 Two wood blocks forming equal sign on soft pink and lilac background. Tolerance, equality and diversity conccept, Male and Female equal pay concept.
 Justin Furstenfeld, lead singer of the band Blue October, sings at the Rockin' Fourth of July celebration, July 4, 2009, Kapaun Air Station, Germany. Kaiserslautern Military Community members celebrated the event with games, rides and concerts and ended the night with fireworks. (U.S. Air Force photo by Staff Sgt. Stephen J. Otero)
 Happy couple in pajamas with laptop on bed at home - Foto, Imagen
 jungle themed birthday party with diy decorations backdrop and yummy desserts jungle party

···

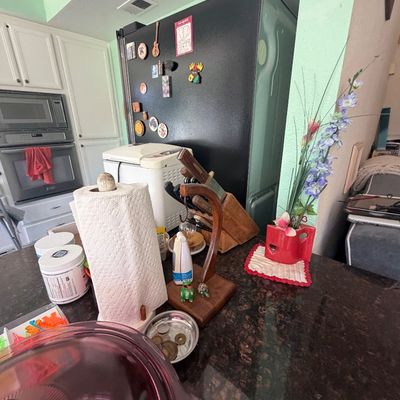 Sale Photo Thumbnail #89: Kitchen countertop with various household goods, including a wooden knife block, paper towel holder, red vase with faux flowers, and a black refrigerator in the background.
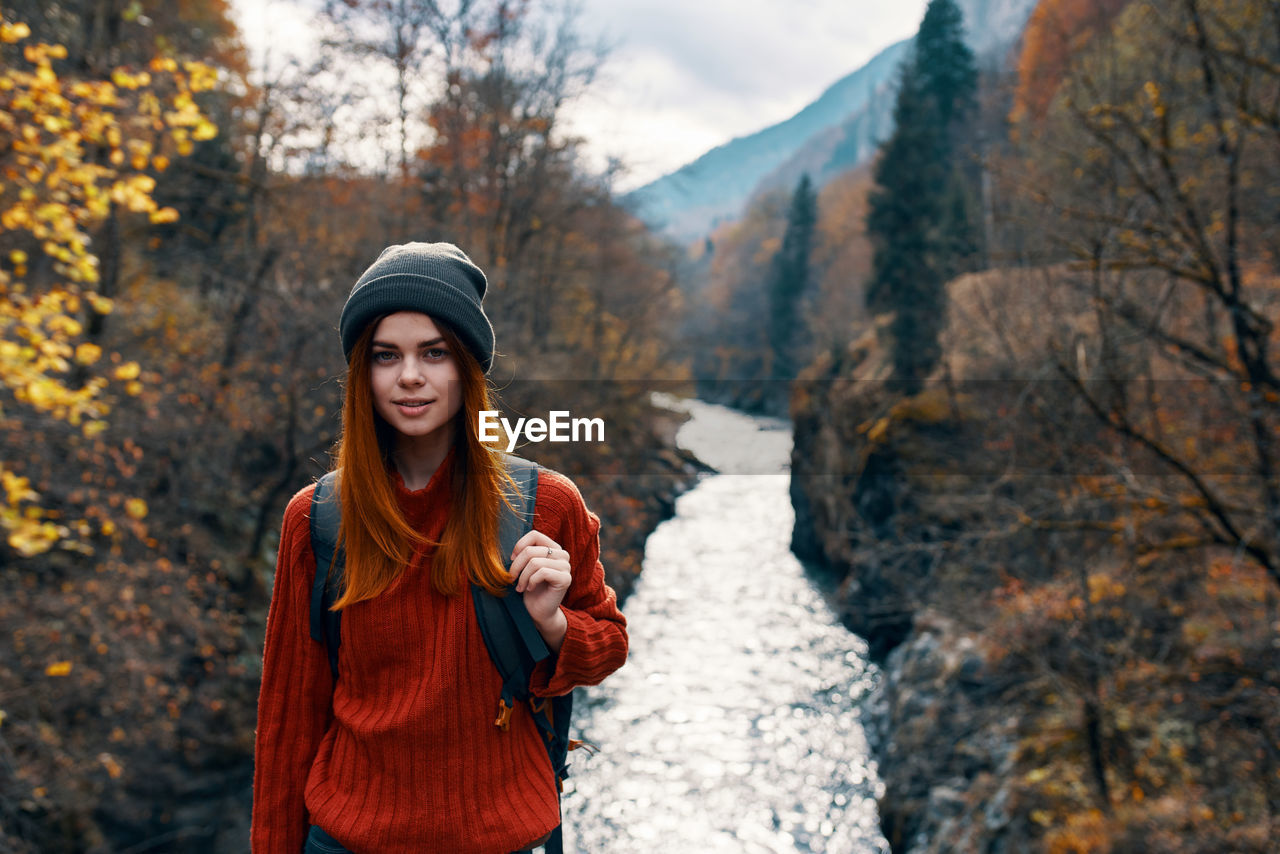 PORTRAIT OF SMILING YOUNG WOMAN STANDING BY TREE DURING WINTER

···

Go back to the listing above and write out the lines starting at the one with "Sale Photo Thumbnail" and ending at the one with "PORTRAIT OF SMILING", inclusive, exactly and without pictures.

▶ _RESPONSE AREA_
 Sale Photo Thumbnail #89: Kitchen countertop with various household goods, including a wooden knife block, paper towel holder, red vase with faux flowers, and a black refrigerator in the background.
 PORTRAIT OF SMILING YOUNG WOMAN STANDING BY TREE DURING WINTER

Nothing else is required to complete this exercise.